I love this quote by Barry Lane: "Until a teacher promotes choice and responsibility among her students, the tools of craft this book has to offer won't help students become writers." This is the practical way Barry undertakes in writing After The End. His simple samples of ideas to use in inviting students to revise is so beneficial to teacher who do not have time to read whole books or even whole chapters to find what they need to teach. By simply picking up the book, opening to any page, there will be an idea for a lesson. Barry also encourages teachers to become writers themselves. "For years researchers like Donald Graves have done work to show that teachers who can model writing process through their own writing have a tremendous advantage in transforming their classroom into a community of writers." This is a challenge for teachers as they are looking forward to some "down time" in a few weeks. Take some time to become writers yourself. This is the best way to prepare for the fall and a new year with a community of writers!

Wednesday, May 1, 2013

How To Pump Gas

We are winding down our Gramma Preschool.
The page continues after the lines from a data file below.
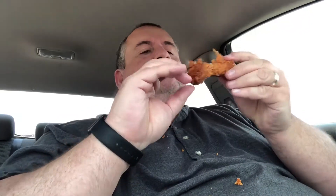Obviously the heat is on the breading — this is not a sauced wing. Let's try one more. They're really good, and you get a lot of breading on them.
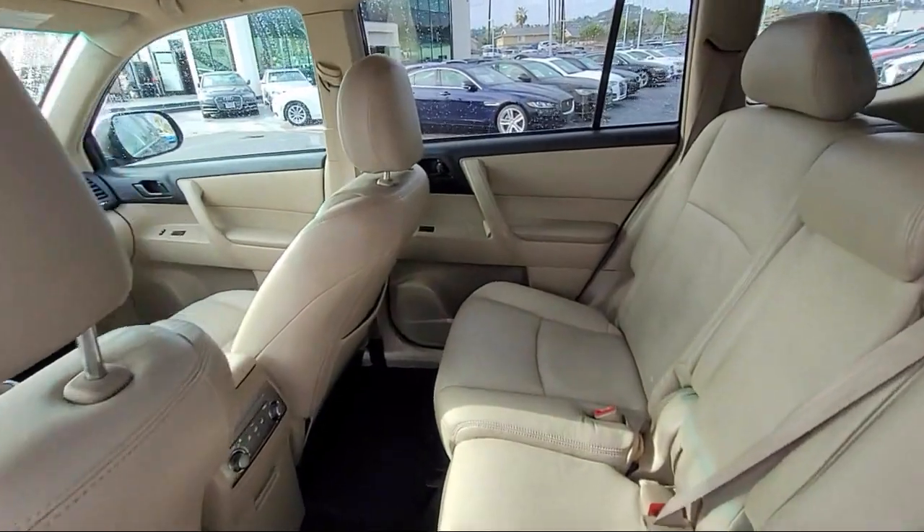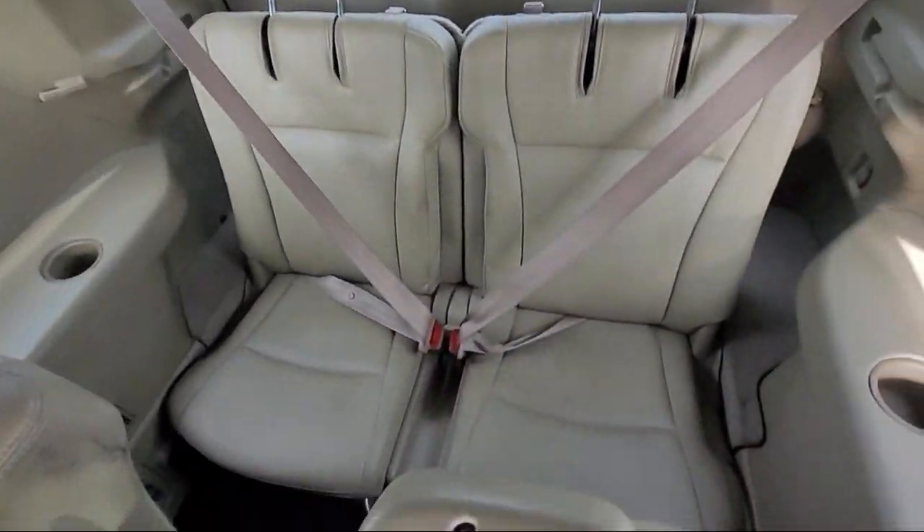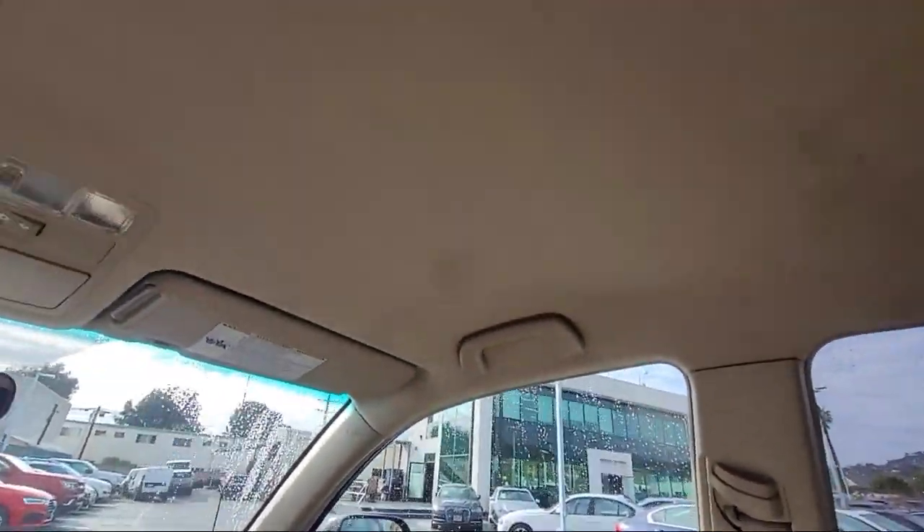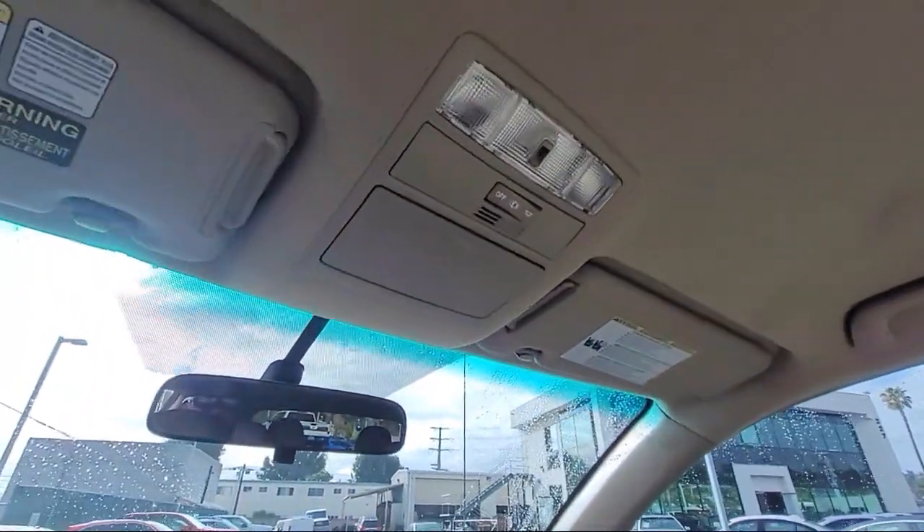Here at East County Pre-Owned Superstore, we've been San Diego County's best for over 20 years and the number one independent dealership in California 15 years running. Let us prove to you why so many people trust us when it comes to buying their next vehicle.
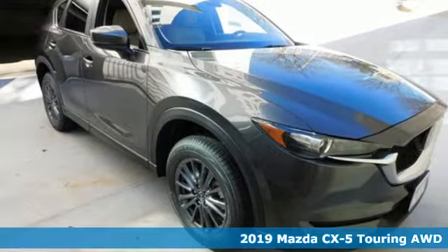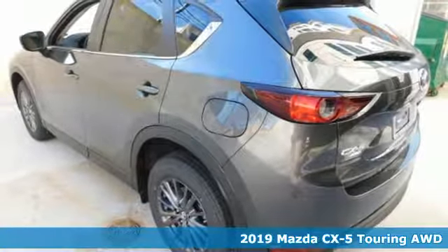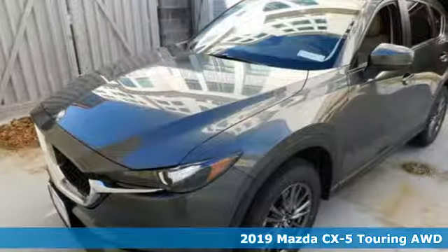Here's a new 2019 Mazda CX-5. For all the things that drive you, there's Mazda. It comes with great features you'll love.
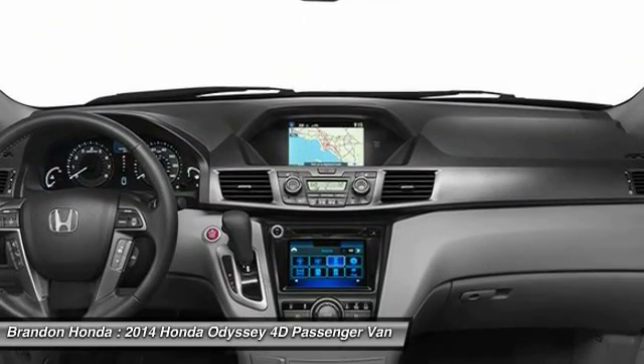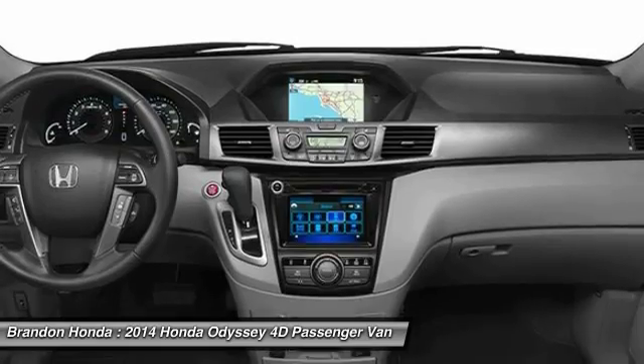A vehicle like this doesn't come along every day. Come in and get it before someone else does.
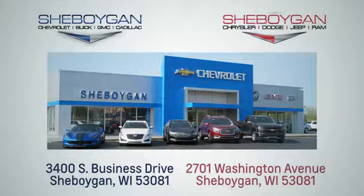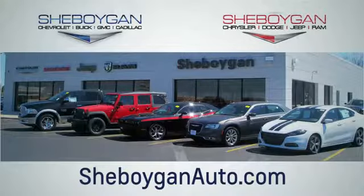Choose Sheboygan Auto. We are conveniently located at 3400 South Business Drive or at 2701 Washington Avenue in Sheboygan, Wisconsin. Sheboyganautos.com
The things we are doing are all coming together and Meron is feeling more and more anxious about going to kindergarten next year. I want to be sure she has everything she needs to be successful as she enters her years of schooling.

This week for writing I let her take the lead.  I asked her what she wanted to write about for that session.  We talked about writing a story. I suggested writing about what she had learned about magnets. That was our science project for our day. She had discovered that magnets picked up some things and didn't pick up others. We put our findings in her Science Notebook. She had another idea. She wanted to write about how to pump gas.
On our way from her house to Gramma's house, we had to stop and get gas. Her first question was, "Can I help pump the gas?"  I thought about it. Well, it would take longer if she "helped". Still, it would make a great learning experience. 

I pulled up to the pump and she piled out of the backseat. I popped open the door for the gas to be pumped and she unscrewed the cap. I put the credit card in the slot. Each thing we did, I explained what was happening. We put the hose into the car and held the handle down. Then we did a counting exercise as we counted up the gallons of gas going into the car. After awhile it was full and the hose clicked to tell us to stop. We then put the hose back into the pump, she screwed on the cap and shut the gas door. Climbing into the backseat again, she said, "I know how to pump gas, don't I Gramma?"

That is where she got her idea for the book. Not only did she want to write that book, she also knew who the audience would be. As she wrote she said, "I want to give this book to Audrey for her birthday!"  Audrey is her four-year-old cousin.  You never know when you will have to help someone pump gas!